STF e Congresso em rota de colisão
A proposta apresentada por Mendes será debatida até o dia 24 de fevereiro pela comissão, composta por representantes dos povos indígenas, do governo federal, de estados e municípios. Caso ainda haja divergências, uma sessão extraordinária está prevista para o dia 27 de fevereiro. A minuta aprovada será posteriormente avaliada pelo plenário do STF antes de seguir para o Congresso Nacional.
O impasse sobre a validade do marco temporal já resultou em decisões contraditórias entre os poderes Executivo, Legislativo e Judiciário. Em 2023, o plenário do STF considerou a tese inconstitucional, abrindo precedentes para que terras tradicionalmente ocupadas pelos povos indígenas pudessem ser reivindicadas independentemente da data de 1988. Em resposta, o Congresso aprovou a Lei 14.701/2023, estabelecendo o marco temporal, mas o presidente Luiz Inácio Lula da Silva vetou a medida. Posteriormente, o veto foi derrubado pelos parlamentares, restabelecendo a norma.
O deputado Lupion também mencionou a Proposta de Emenda à Constituição (PEC) 48, que tramita no Senado e pretende incluir o marco temporal diretamente na Constituição, consolidando sua validade.
"Se não conseguirmos resolver aqui, vamos seguir com o trabalho no Senado. Precisamos de uma solução clara", pontuou.
Substituições na comissão
A deputada federal Célia Xakriabá (PSOL-MG), representante dos povos indígenas no Congresso, criticou sua substituição na comissão especial que debate o tema. Ela classificou a mudança como uma tentativa de enfraquecer a luta indígena. "Não preciso estar sentada à mesa para lutar. Nossa resistência é coletiva", afirmou. Xakriabá havia participado de 75% das reuniões da comissão, enquanto a deputada Silvia Waiãpi (PL-AP), sua substituta, não esteve presente em nenhum dos encontros anteriores.
Para lideranças indígenas, a retirada da parlamentar foi um sinal de que o Congresso pretende enfraquecer a representação dos povos originários no debate. No entanto, para os produtores rurais, a medida demonstra que o Congresso quer uma discussão equilibrada, considerando também os impactos para o setor agropecuário.
Impactos
O setor agropecuário alerta que a incerteza sobre o marco temporal pode afetar o desempenho econômico do Brasil, especialmente em estados como o Paraná, Mato Grosso e Mato Grosso do Sul, onde a expansão da produção agrícola se consolidou nas últimas décadas. A FAEP e outras entidades do agronegócio argumentam que qualquer mudança nas regras de demarcação de terras pode comprometer a segurança dos investimentos no campo.

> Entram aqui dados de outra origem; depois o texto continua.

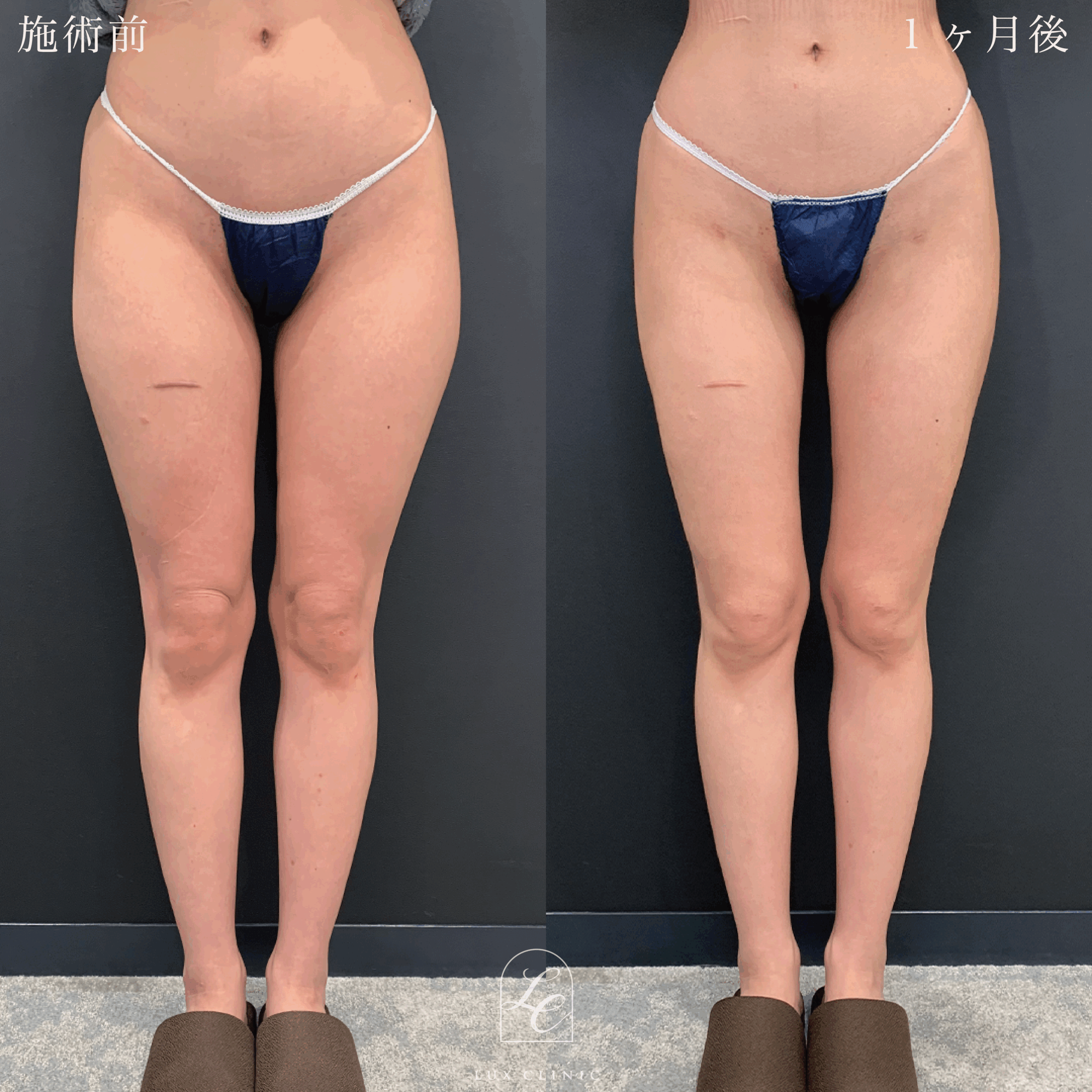 Ultra-Z 脂肪吸引 ＜大腿（内側・外側・前面）・膝＞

Além disso, a questão da exploração mineral em terras indígenas entrou no debate. A comissão especial analisa a possibilidade de permitir a atividade econômica em áreas indígenas de maneira regulamentada. Para o setor ruralista, essa alternativa pode mitigar parte dos conflitos por território, criando uma regulamentação clara para a exploração de recursos.
Com o STF e o Congresso em lados opostos nessa disputa, a decisão final pode ter um impacto duradouro não apenas nas demarcações de terras indígenas, mas também no futuro do agronegócio brasileiro. O desfecho da conciliação no STF poderá redefinir a legislação fundiária e afetar diretamente a estabilidade da produção rural, especialmente em regiões como o oeste do Paraná, onde a disputa por território se tornou um dos principais desafios para os produtores rurais.